Yet at the same time that New Zealanders have been embracing such technology, their fears over privacy have steadily increased.
Shroff says: "As the tide of technological advances has increased, people's awareness has risen and their concerns have started to rise, though New Zealanders are not quite as concerned as Europeans.
There are two issues really: who has access to people's information and people being denied access to information about themselves."
Governments and businesses have databases bursting with huge amounts of information. As long as they comply with certain rules, they are able to share it with each other and with other agencies, both nationally and abroad. And sometimes it's stored in cloud computing systems - remotely, and usually in a foreign country.
And don't be fooled by the apparent intimacy of social networking websites. That information is collated somewhere too, and often passed to direct marketing companies.
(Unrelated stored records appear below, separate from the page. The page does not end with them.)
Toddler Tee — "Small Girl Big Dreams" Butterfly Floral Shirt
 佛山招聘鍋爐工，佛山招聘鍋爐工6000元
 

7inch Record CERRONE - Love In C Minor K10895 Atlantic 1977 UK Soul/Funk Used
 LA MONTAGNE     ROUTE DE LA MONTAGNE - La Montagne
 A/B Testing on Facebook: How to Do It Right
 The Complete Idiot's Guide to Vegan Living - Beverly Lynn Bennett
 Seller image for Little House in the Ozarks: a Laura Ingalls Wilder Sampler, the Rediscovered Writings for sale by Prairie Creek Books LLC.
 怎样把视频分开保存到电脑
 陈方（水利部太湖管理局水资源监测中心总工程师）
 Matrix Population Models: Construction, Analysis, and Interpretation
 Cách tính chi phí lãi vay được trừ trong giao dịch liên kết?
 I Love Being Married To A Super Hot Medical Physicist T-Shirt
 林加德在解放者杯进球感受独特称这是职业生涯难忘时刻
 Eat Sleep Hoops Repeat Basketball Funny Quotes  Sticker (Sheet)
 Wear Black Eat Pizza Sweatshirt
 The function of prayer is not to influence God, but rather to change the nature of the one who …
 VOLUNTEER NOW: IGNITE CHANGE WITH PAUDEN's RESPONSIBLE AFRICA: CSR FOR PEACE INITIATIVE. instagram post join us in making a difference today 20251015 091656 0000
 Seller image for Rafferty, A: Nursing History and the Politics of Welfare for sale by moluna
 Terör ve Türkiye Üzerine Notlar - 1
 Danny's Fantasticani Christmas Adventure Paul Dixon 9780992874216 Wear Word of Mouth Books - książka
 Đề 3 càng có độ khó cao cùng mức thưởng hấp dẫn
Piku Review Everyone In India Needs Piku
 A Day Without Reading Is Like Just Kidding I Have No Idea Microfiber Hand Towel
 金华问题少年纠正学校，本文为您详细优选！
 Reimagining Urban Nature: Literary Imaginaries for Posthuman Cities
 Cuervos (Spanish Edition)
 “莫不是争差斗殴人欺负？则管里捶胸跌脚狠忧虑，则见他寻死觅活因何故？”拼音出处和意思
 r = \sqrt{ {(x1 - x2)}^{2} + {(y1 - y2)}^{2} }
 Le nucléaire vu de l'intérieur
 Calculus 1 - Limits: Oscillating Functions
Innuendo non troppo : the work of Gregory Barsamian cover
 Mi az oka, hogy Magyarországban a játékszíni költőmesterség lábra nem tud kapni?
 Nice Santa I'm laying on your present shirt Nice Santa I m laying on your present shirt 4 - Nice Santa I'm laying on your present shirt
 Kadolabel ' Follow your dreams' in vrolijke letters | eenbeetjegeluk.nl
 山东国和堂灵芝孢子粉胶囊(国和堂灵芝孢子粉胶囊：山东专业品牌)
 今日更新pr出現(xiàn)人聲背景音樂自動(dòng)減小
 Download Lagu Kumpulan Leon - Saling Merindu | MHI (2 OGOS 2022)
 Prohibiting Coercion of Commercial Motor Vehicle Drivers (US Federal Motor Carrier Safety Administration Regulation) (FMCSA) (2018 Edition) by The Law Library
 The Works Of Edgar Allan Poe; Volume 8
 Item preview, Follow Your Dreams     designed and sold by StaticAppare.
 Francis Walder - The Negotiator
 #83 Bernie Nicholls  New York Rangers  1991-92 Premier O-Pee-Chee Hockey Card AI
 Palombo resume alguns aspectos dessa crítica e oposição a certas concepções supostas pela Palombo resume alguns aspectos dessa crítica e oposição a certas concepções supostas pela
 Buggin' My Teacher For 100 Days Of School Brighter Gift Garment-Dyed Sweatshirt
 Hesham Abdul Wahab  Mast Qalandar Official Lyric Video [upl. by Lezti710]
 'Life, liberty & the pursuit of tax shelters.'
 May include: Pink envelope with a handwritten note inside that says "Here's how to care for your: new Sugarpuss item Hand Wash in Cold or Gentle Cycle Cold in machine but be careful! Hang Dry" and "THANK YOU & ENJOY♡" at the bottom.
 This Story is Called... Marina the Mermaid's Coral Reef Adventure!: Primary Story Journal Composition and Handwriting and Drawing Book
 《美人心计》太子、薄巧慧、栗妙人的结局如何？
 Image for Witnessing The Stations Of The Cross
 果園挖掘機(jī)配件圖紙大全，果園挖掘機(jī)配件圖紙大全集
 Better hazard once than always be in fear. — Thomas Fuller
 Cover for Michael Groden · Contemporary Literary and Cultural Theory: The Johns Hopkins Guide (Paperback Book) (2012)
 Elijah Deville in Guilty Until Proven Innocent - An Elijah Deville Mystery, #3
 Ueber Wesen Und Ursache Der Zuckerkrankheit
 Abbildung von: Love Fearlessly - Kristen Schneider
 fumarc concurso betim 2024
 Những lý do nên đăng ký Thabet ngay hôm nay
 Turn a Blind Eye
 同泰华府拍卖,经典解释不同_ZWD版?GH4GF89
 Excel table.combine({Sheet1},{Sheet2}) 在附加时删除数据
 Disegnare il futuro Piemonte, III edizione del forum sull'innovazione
"Businesses can collect information about people and turn it into aggressive marketing. They use that information to profile people and then target market them . . . most people in New Zealand are not aware of this," Shroff says.
"Personal information is an asset which can be turned into money. The individual is the cannon fodder."
We want the convenience new technology provides and we're often happy to share secrets with the global village. But we're less willing to open up to real people at our door, on the street or on the phone in the way that we did decades ago.
Surveillance, of course, is another area that is constantly cranking up. But most of us don't regard this as an intrusion. In fact it makes us feel safer. Nowadays, however, CCTV is everywhere.
Being tracked by CCTV on trains, planes and automobiles from Invercargill to Kaitaia is, I am told, for my protection - though in Auckland, the police, council and transport authorities were loathe to let me see behind the smoke and mirrors into the inner workings of their control rooms.
Almost with one voice, the authorities said they didn't want people to know where the cameras were. It was, they said, a security issue even though so many of the locations were blindingly obvious.
More likely it's because they don't want to admit that their cameras do not produce high enough quality images to offer real evidence of the identity of criminals and, subsequently, no real protection.
In a vicious attack at Sydney's domestic airport in March 2009, police were able to see the mob of men beating their victim to death with metal poles, but the CCTV quality was so poor they couldn't identify any of the killers. So whose interests do they really serve?
Rod Nicolson, director of Vision Security Systems, one of New Zealand's largest providers of CCTV cameras for shopping centres and malls, estimates the numbers of public body cameras - operated by police and councils - have increased tenfold in the past five years. And there are 30 per cent more cameras in supermarkets than there were 10 years ago, he says.
"There are now improved cameras that use IT technology so images are clearer and it's easier to identify people. That's what people want."
We may accept cameras in dairies and dress fitting rooms (whether it's to protect ourselves or the profits of shopkeepers) but we are less ready to share details of our private lives.
Last year a Global Privacy Enforcement Network was set up with the involvement of some 50 privacy regulators, including New Zealand. The aim is to monitor the way personal information is transferred and stored.
At the same time, the Law Commission has spent the past five years reviewing the Privacy Act 1993.
Issues discussed in the report, to be published in the next month, include how to monitor and control the privacy implications of new technology; to what extent government departments should be able to share information about citizens; and whether there should be an obligation to notify people if information about them is wrongly released or lost.
Professor John Burrows, of the New Zealand Law Commission, says the advance of technology is a major privacy issue.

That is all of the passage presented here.